Paul Celan, 1967 - crédits : Ullstein Bild/ AKG-images

Paul Celan, 1967

Publié à Francfort-sur-le-Main en 1963, La Rose de personne (Die Niemandsrose) est le quatrième recueil de poèmes écrits de 1959 à 1963 par Paul Celan (1920-1970). Il est dédié à la mémoire d'Ossip Mandelstam dont Celan avait traduit des poèmes en 1959. Cette dédicace n'est évidemment pas innocente de la part d'un poète aussi conscient de ce qu'implique l'acte poétique.

La quête d'une réalité

Comme Celan le dit dans l'Almanach Flinker, en 1958, « la réalité n'est pas, la réalité demande à être cherchée et conquise » et le poème ne saurait se réduire à un jeu de vocables fascinés par leur propre profération. Si parler c'est dire quelque chose sur quelque chose à quelqu'un, comme le voulait Aristote, le poème chez Celan est toujours la transmission d'une réalité à un interlocuteur qui devrait pouvoir en répondre. L'interlocuteur peut ne pas être présent, il peut être « personne » : il est là pourtant, ne serait-ce qu'en creux, comme appel à dire et à dire avec le plus de précision possible la réalité dans ce qu'elle a d'indicible, voire d'insoutenable.
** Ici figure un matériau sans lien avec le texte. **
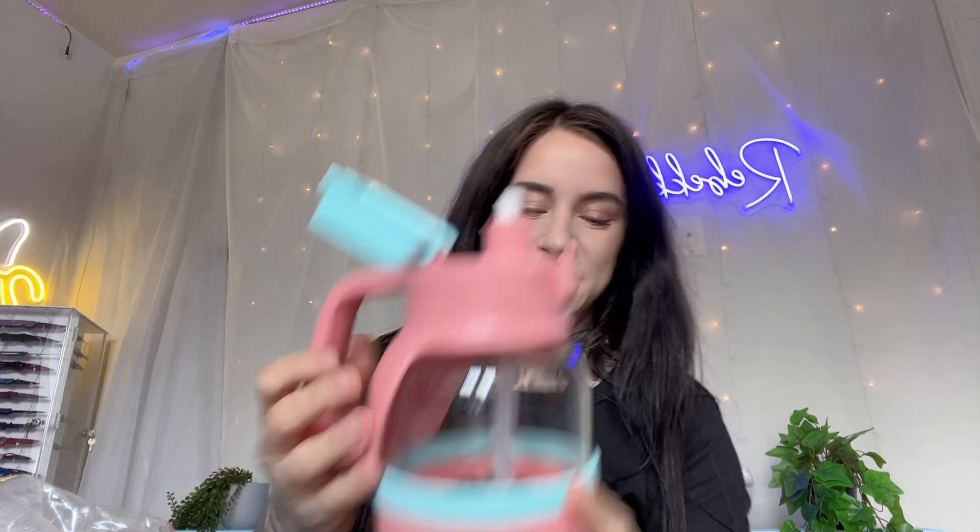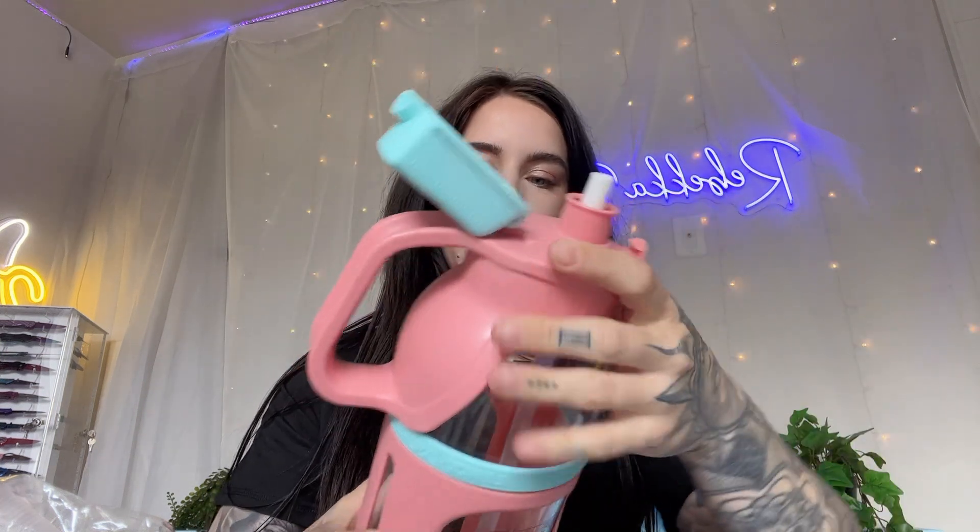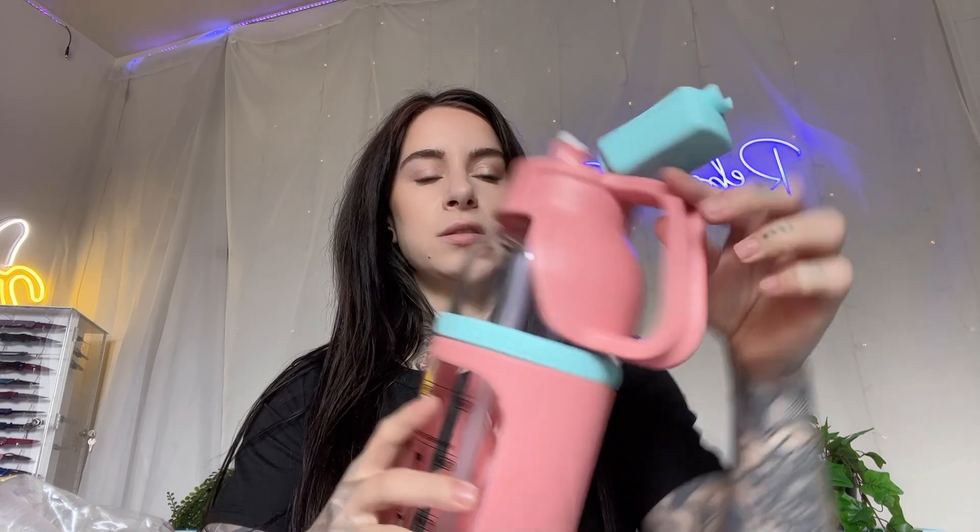So we're going to figure out how to open this together. I like this little safety latch it has. We got the straw that stays in there nice and sturdy. So it just comes off like this. I mean, this thing is heavy duty.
C'est entre ces deux contraintes : dire à quelqu'un et chercher la réalité que La Rose de personne peut être située. Le poème n'existe qu'à condition d'être entendu, reçu. Mais ce qu'il donne n'a pas de destinataire a priori apte à recevoir la réalité qui lui est destinée. Cette réalité reste toujours à quêter.

La Rose de personne est, par sa construction très soigneusement élaborée, non pas un recueil de poèmes divers mais une œuvre qui vaut pour elle-même. La rose qui donne son titre au livre est la fleur que poètes et mystiques (Rilke, Benn, Angelus Silesius, Mandelstam...) surent nommer. Mais c'est « pour » et « contre », que le poète explore l'espace dévasté où elle fleurit : « Loué sois-tu, Personne,/ Pour l'amour de toi nous voulons/ fleurir./ Contre/ toi.// Un rien/ nous étions, nous sommes, nous/ resterons, en fleur :/ la rose de rien, de/ personne » (Psaume). Ce poème central est comme un écho du premier poème du recueil dont la dernière strophe débute par ces vers : « Ô un, ô nul, ô personne, ô toi : / où ça menait, si vers nulle part ? » Si le poème est don gratuit, adressé à personne, il est destiné à qui saura accueillir en lui ce dont il s'expose à faire mémoire. Le sens n'est pas caché derrière le texte, il se tient sous les yeux du lecteur qu'il pressent et appelle, mais qui peut aussi ne pas être ou ne pas répondre. « Bouteille jetée à la mer », le message court toujours le risque de ne pas atteindre son interlocuteur, et celui de n'être pas entendu.